映画監督有志の会は、日本映画製作者連盟(映連)に対して13日に「労働環境保全・ハラスメント防止に関する提言書」を提出したことを22日、発表した。

是枝裕和監督

是枝裕和氏、諏訪敦彦氏、岨手由貴子氏、西川美和氏、深田晃司氏、舩橋淳氏らが名を連ねる映画監督有志の会。映画業界の労働環境改善を含む包括的な改革のため、映連と1年以上にわたって協議を進める中、今年に入ってハラスメントや暴力に関する問題が取り沙汰されたことにより、3月18日に「私たちは映画監督の立場を利用したあらゆる暴力に反対します。」という声明文を発表した。

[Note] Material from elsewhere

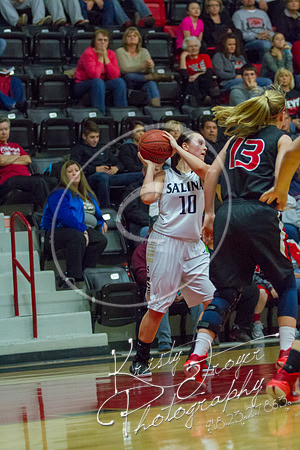 Salina vs Keys Girls Basketball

そして今月13日、「映像業界が自らの問題として真摯に向き合い、具体的な対策を実施してゆくため」の提言書を提出。「ハラスメントや暴力は個人の資質の問題ではなく、職務上の優越的な関係の悪用を許す環境を放置してきた映画業界全体の責任」とし、映連に「ハラスメントや暴力に関する声明の発表」「ハラスメントの実態の調査と検証」「ハラスメント防止のための具体的な施策の実施」「第三者機関による相談窓口の設置」の4点を求めた。

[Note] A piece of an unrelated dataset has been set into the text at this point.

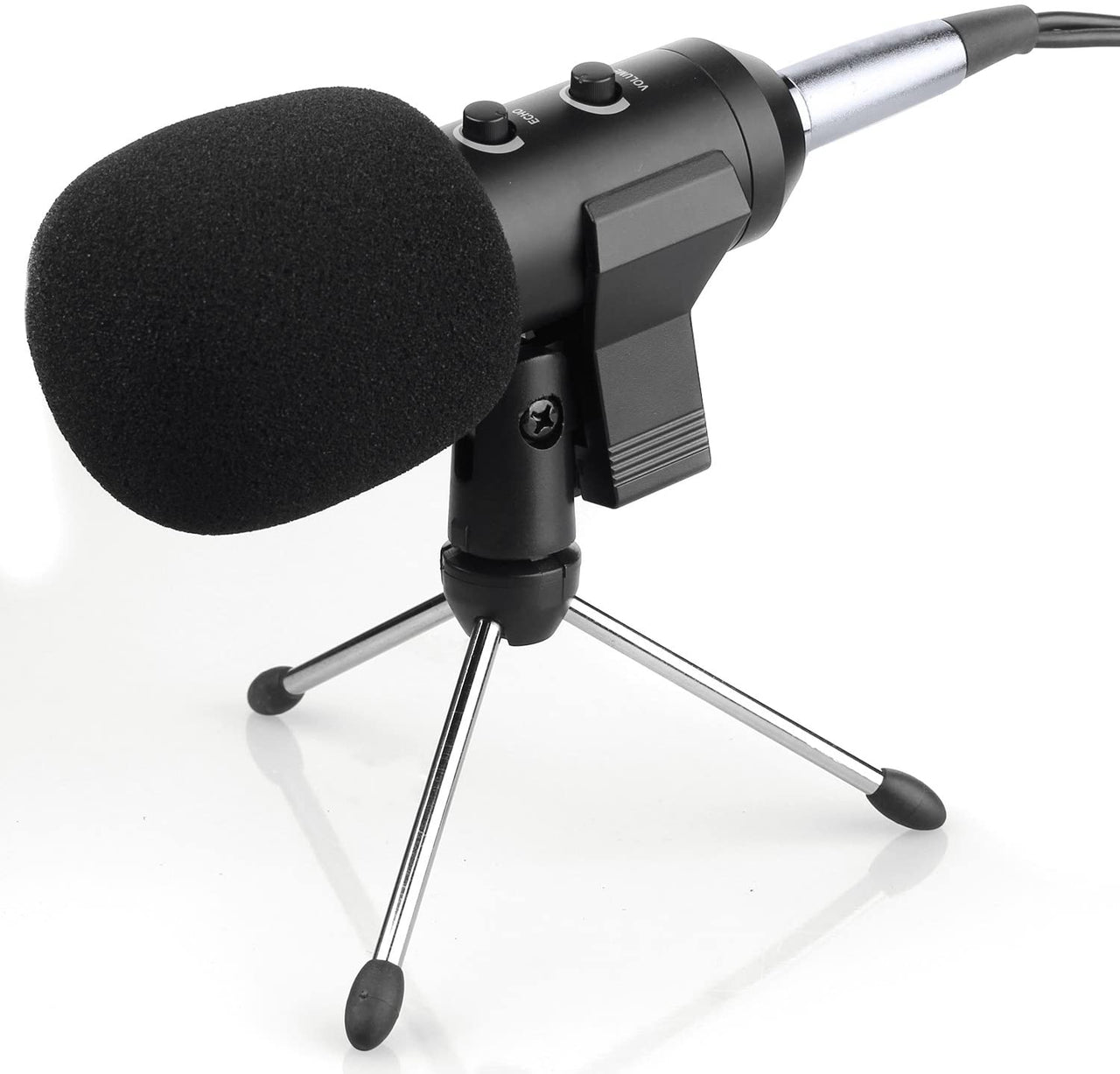 Usb Microphone with Shock mount stand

さらに、「残念ながら今の映画業界は、若者が働いてみたいと夢見る世界でもなければ、私たちが胸を張り就職を勧めることができる場所でもありません」と深刻な事態として受け止め、「この現実を、私たち映画関係者は直視しなければなりません。この業界でキャリアを築いてきた私たちには、安全な環境で映画を制作し、安心して映画ファンに届けられる映画界を未来に継承してゆく責任があります。改善に向けどう具体化していくか、私たちも当事者として反省しつつ、映画製作者連盟とともに継続して業界の改革に力を尽くします」と結んでいる。